The Belfast nine-year-old has landed a small role in the Lyric Theatre's production of the acclaimed Simon Stephen play Punk Rock, which opens this week, as a result of her participation in the theatre's annual summer scheme. The Lyric Theatre Summer School is open to all children aged 6-16 with an interest in learning and developing performance skills. The content of this year's courses have been inspired by the scientific Elements exhibition at the Ulster Museum. She says:
My mum booked my place at the summer school for me. She said it is a very famous place. I thought it would be fun and I'd make new friends.
This is my first year at summer school. We have been making posters and using neon face paint, as well as acting, singing and dancing. We have also been doing mirror-imaging – that's when you copy the person in front of you, which was a lot of fun. I think the part I've enjoyed most is that I got a solo performance to sing Burn by Ellie Goulding for our final performance. I've also enjoyed the Elements theme of the course and our visit to that exhibition at the Ulster Museum.
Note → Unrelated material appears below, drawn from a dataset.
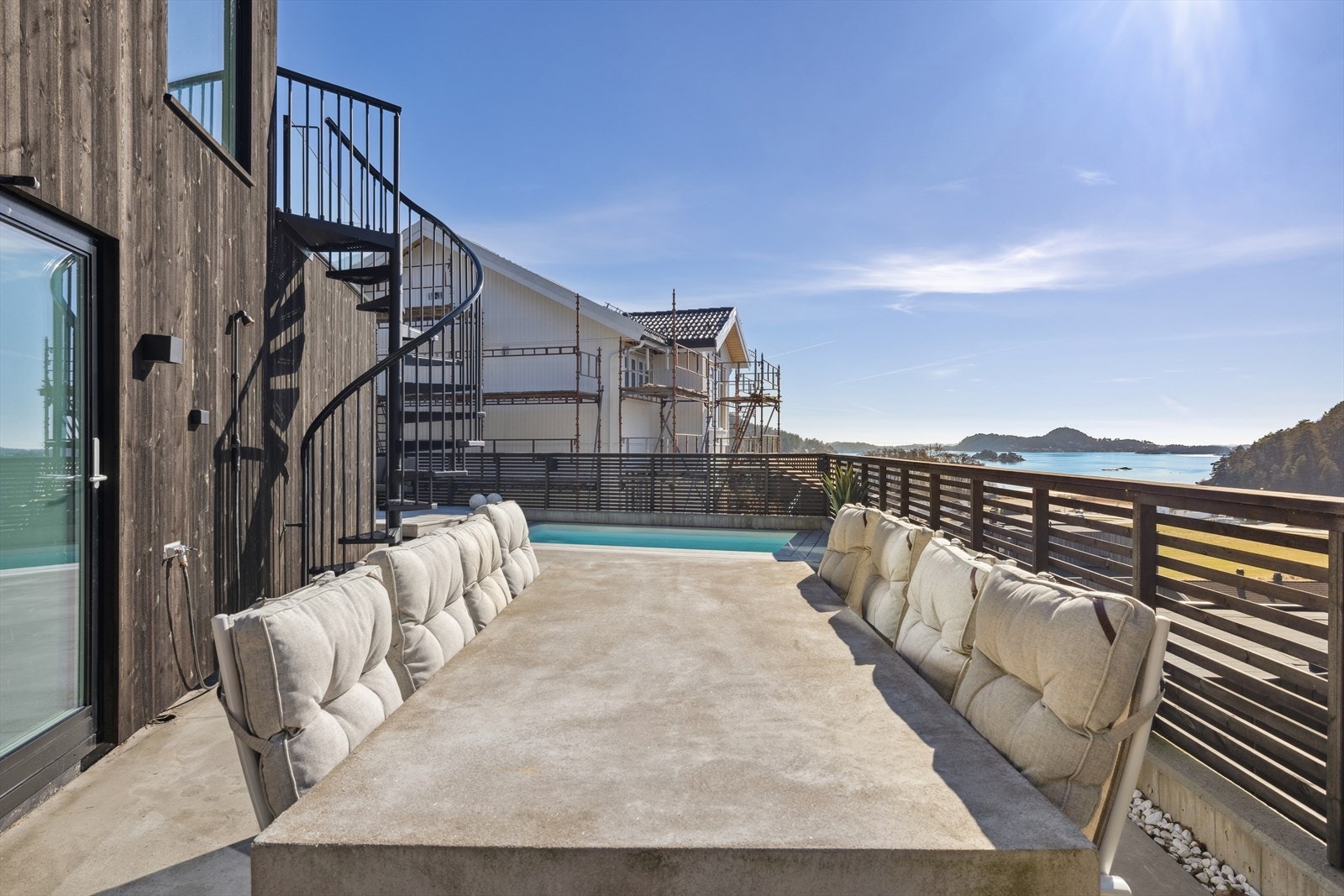 Vindeltrappen fører opp til veranda. Galleribilde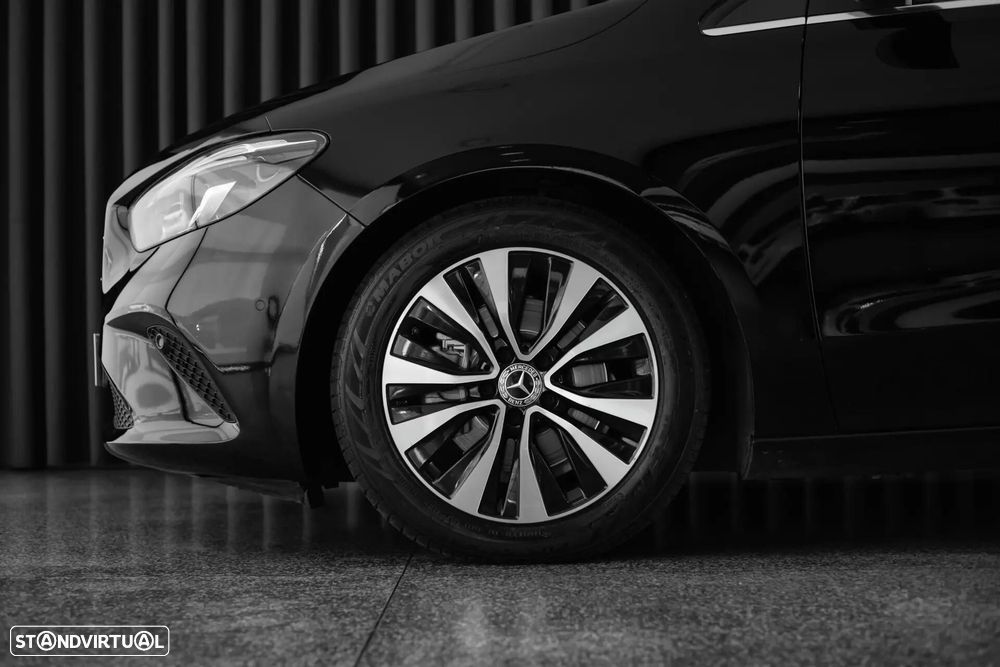 Mercedes-Benz B 180 d 8G-DCT Progressive - 9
Outside of school, I have done plays like Bugsy Malone at the Crescent Arts Centre, in Belfast. I've also done some cheerleading. We did this on a stage beside the ice-rink for the Belfast Giants. The choreographer was Debbie Maguire, who is doing Sleeping Beauty this Christmas at the Lyric. In the future, I want to sing or act, and if I don't do that I would like to be an artist or storywriter."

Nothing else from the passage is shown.